Akan tetapi, bagaimana jika kita mulai belajar memahami tentang teks-teks sosial yang tersusun tidak sangat rapi. Ini merupakan suatu akar masalah di dalam memahami fenomena sosial. Persoalan yang muncul di sini adalah siapa yang menulis teks-teks sosial, sehingga tidak mewujudkan situasi hamorni. Saya membayangkan ketidakharmonisan sangat boleh jadi dipicu pola penulis teks sosialnya yang saling berebut di atas secarik kertas. Akibatnya, dishamorni itu menjadi fakta, seolah-olah yang salah adalah penulis, tinta, atau kertasnya sudah rapuh. Untuk itu, memahami orkestra kehidupan umat beragama harus dilihat dari fakta teks-teks sosial yang sudah ditulis dalam lorong waktu yang amat panjang.
Singkil adalah satu fakta penyusunan teks-teks sosial yang rapuh. Punya kekuatan historis, tetapi hilang ke dalam tanah. Punya kekayaan alam yang amat dahsyat, sekarang malah menjadi hamparan Kelapa Sawit. Punya tradisi yang amat kuat, sekarang malah terjadi fragmentasi yang amat dalam. Sekian masalah Singkil, diperparah oleh keinginan penjajah menjadikannya sebagai daerah penyangga (buffer zone) yang memutuskan tali hubungan keislaman dari Aceh hingga ke Tanah Minangkabau. Konsep buffer zone ini adalah memasukkan keyakinan lain dari Eropa ke tengah-tengah masyarakat di kawasan Singkil. Di provinsi tetangga juga telah berkembang pandangan bahwa Singkil juga merupakan suku bangsa dari provinsi yang dimasukkan ke Aceh.
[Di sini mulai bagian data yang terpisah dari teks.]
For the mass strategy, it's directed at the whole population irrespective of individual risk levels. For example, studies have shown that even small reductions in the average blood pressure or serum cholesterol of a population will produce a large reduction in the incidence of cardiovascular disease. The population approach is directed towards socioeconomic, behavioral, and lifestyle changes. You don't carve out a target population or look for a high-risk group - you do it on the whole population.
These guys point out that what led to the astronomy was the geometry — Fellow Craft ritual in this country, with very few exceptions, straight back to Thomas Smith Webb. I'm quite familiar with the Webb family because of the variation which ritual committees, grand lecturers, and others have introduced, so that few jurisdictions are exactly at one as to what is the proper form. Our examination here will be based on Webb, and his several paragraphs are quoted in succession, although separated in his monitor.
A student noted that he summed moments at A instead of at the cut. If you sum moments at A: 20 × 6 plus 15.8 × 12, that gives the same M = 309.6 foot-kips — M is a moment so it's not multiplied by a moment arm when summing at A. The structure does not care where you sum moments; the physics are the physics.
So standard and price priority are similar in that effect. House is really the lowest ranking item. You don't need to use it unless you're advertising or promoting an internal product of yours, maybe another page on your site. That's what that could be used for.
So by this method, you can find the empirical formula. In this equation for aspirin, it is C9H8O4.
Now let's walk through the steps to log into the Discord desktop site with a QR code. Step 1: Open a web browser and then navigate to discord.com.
Secara sosiologis dan antropologis, daerah-daerah perbatasan yang memiliki kekuatan sosio-historis, terutama dalam etnisitas dan religi, kerap menjadi ladang konflik. Pattani, secara perasaan lebih dekat ke kawasan Melayu, namun melalui kekuatan dipaksakan menjadi Siam. Mindanao secara politik dipaksakan tunduk ke Manila, secara historis memiliki ikatan sebagai suatu bangsa, yaitu Bangsa Moro. Namun tidak sedikit juga yang ingin mendapatkan pengakuan terhadap keberadaan etnik tertentu di negara baru, sebagai akibat dari peperangan. Kondisi ini menyiratkan bahwa konflik di beberapa tempat, kerap dipicu oleh alasan persoalan sejarah dan kebudayaan.
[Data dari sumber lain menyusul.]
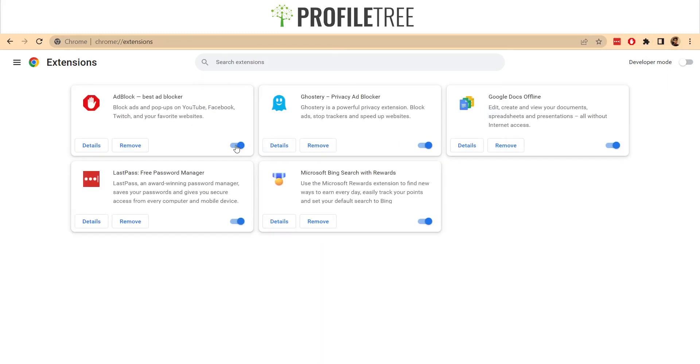Another way is essentially the same — there's a little switch directly on the extension listing that just enables and disables it.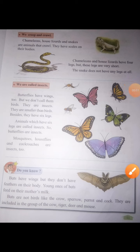Hello students. In our previous video we learned about the young ones of animals, the birds that fly, and the fish. We saw the diagram of the fish — the scales on their body, and we saw the eyes, gills, and fins.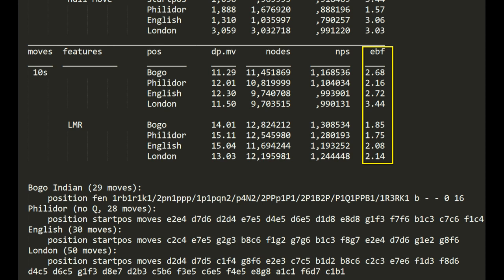The effective branch factor has gone down from around three down to around two. And that is what I expected. So these two, null move and late move reduction, they make quite a lot of difference. Until next time. Have a great time.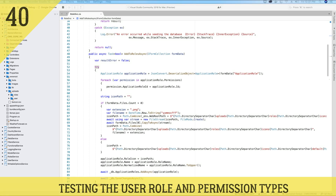Hi guys, this is Dekaudi. I welcome you to another video tutorial where we are building this CMS application using ASP.NET Core 3 and Angular 10.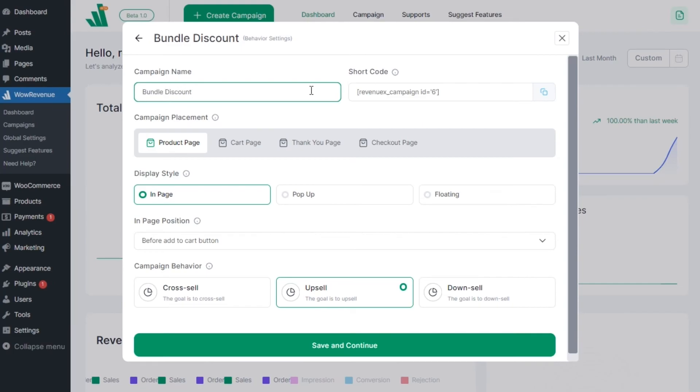So from the placement section, we can decide and select on which page we want to show the bundle discount offer. We can choose from product, cart, checkout and the thank you page. For now, let's select the product page.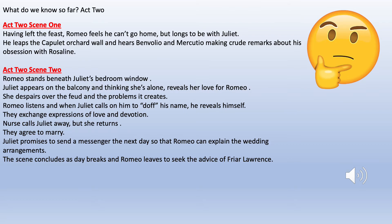Hello there Year 10, Mr Stevenson here again. This is just going to be another recap of the first lesson we did on Act 2 Scene 2, the balcony scene.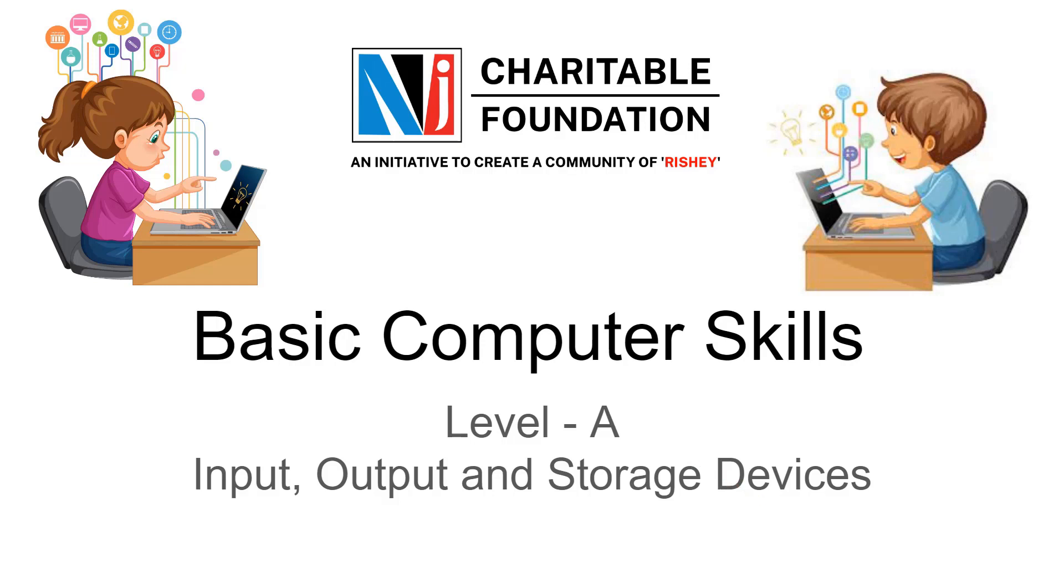In the previous video, we learnt about input devices. First of all, we discussed about keyboard and then we learnt about different input devices like mouse, microphone, scanner, trackball, light pen, joystick, and webcam.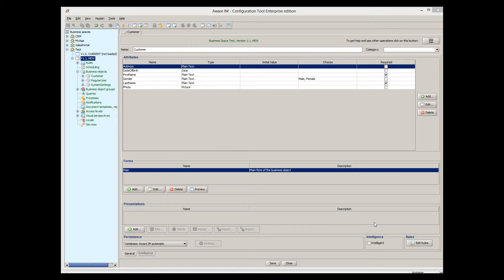In this tutorial, I will show you how to work with Averaim object forms. When you create a business object, Averaim automatically creates a default form for the object.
Konflik di Singkil memang memiliki latar belakangan persoalan yang amat rumit. Sebab, mereka yang memilih beragama non-Islam, menundukkan spiritual dan otoritas keagamaan ke provinsi tetangga. Sehingga, persoalan yang ingin diselesaikan oleh pemerintah Aceh, cenderung tidak sampai pada akhir persoalan. Sebab, akar masalahnya bukan dari provinsi Aceh. Demikian pula, setiap pemegang otoritas keagamaan yang non-Islam, memiliki jejaring untuk mendirikan rumah ibadah. Sehingga persoalan pendirian rumah ibadah, juga ikut memicu persoalan yang cukup pelik. Persoalan lainnya adalah adanya binatang yang dilarang dipelihara dalam ajaran Islam, menjadi hewan ternak pada komunitas tertentu.
Hal-hal di atas memang ada wilayah-wilayah yang tidak bisa didialogkan. Sebab, ada persoalan teologi dan budaya di situ. Sehingga terkadang persoalan-persoalan yang sulit diselesaikan menjadi api dalam sekam, tinggal menunggu waktu, untuk terbakar pada saat-saat tertentu. Tampaknya perlu ada narasi bagaimana persoalan Singkil dari masa ke masa. Perlu ada penjabaran dari aspek internal yang menyita perhatian kita selama ini. Tentu cara menguraikan akan berbeda dengan mereka yang tidak melihat secara langsung, tidak terkecuali bagi jurnalis. Para penduduk lokal adalah mereka yang mengetahui secara langsung apa yang mereka lihat dan rasakan. Ketika mereka menulis ‘apa adanya’ atau dikenal sebagai things as they are, tentu akan memanaskan kuping beberapa kalangan.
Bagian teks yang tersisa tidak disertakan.